I've seen many engineers struggle to convince non-technical stakeholders to invest in refactoring. The problem isn't the technical debt itself, but rather the inability to communicate its business impact.

When I talk to product and finance stakeholders, I try to frame refactoring as a business decision rather than a technical one. Technical debt has real-world costs that can be measured: slower engineering velocity, more frequent incidents, longer time-to-resolve, and even hiring impact. Each of these costs can be quantified with data.

To make the case, I start by pulling concrete metrics from our engineering dashboard. Velocity in our core platform fell from 140 story points per sprint to 95 after we let a handful of legacy modules slip into production. Incident frequency rose from 1.2 per week to 3.7, and the average time to resolve a bug grew from 1.5 hours to 4.3 hours.
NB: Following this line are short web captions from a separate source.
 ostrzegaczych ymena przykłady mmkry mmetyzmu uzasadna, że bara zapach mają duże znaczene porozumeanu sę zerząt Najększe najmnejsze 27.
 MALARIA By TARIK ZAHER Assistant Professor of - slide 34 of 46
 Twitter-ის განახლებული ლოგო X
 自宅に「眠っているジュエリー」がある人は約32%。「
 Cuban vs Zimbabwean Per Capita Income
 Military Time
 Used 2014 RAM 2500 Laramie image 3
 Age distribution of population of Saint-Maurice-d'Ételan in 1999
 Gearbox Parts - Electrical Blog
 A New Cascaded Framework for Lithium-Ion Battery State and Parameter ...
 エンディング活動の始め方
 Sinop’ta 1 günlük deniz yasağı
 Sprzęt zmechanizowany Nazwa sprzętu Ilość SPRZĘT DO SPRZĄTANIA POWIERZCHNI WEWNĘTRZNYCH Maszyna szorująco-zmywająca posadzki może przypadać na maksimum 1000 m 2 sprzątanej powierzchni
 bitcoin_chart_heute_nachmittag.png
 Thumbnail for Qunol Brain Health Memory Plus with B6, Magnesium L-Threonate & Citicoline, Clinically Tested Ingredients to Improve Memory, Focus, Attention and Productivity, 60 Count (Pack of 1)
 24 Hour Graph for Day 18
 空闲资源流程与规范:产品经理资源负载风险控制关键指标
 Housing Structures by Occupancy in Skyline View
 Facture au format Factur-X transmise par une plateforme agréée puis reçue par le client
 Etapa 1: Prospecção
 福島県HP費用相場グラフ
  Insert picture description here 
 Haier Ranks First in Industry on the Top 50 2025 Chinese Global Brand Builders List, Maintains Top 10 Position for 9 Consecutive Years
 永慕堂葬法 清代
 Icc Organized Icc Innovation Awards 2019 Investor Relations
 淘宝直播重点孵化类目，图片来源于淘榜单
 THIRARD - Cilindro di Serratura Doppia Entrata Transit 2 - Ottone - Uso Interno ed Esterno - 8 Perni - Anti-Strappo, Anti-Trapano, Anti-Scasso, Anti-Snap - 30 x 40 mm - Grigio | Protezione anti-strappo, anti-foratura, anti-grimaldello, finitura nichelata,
I also ran a cost‑of‑delay analysis that showed each unaddressed defect cost the business roughly $12,000 in lost revenue and engineering effort. These numbers are not abstractions; they come from Jira issue counts, Git commit statistics, and our Sentry alert logs.

I then map those numbers to a tangible budget. For example, a single incident that slipped through our QA pipeline cost us a $5,000 overtime bill and a two‑day outage that pushed a scheduled release back. In contrast, a refactor that removed the problematic race condition required 40 hours of developer time but saved us 6 hours of incident response each month for the next year, translating to a net savings of $48,000. I present these figures alongside a simple cost‑benefit table in a slide deck, using SonarQube to show a 15% drop in technical debt score and a 30% increase in unit test coverage after the refactor.

A before/after comparison is essential for a persuasive refactoring proposal. For example, our payment module used to average 3 incidents per month due to a race condition in the session management code. Each incident took 2 hours to resolve and affected 0.1% of transactions. After refactoring, we saw zero incidents of this class, reducing engineering time by 6 hours per month and improving transaction reliability.

Finance and product stakeholders often respond well to risk reduction framing. Technical debt is a risk: the risk of a poorly understood system failing in production, the risk of a brittle codebase, and the risk of key engineers leaving. Refactoring reduces these risks, and organisations that have experienced one of these failure modes are more receptive to this framing.

Proposing a dedicated refactoring sprint is rarely approved. Instead, I recommend reserving 20% of every sprint for technical debt reduction, ring-fenced by agreement with product. This approach is visible, bounded, and produces incremental improvement. Combine it with the Boy Scout Rule for sustained debt reduction without dedicated sprints.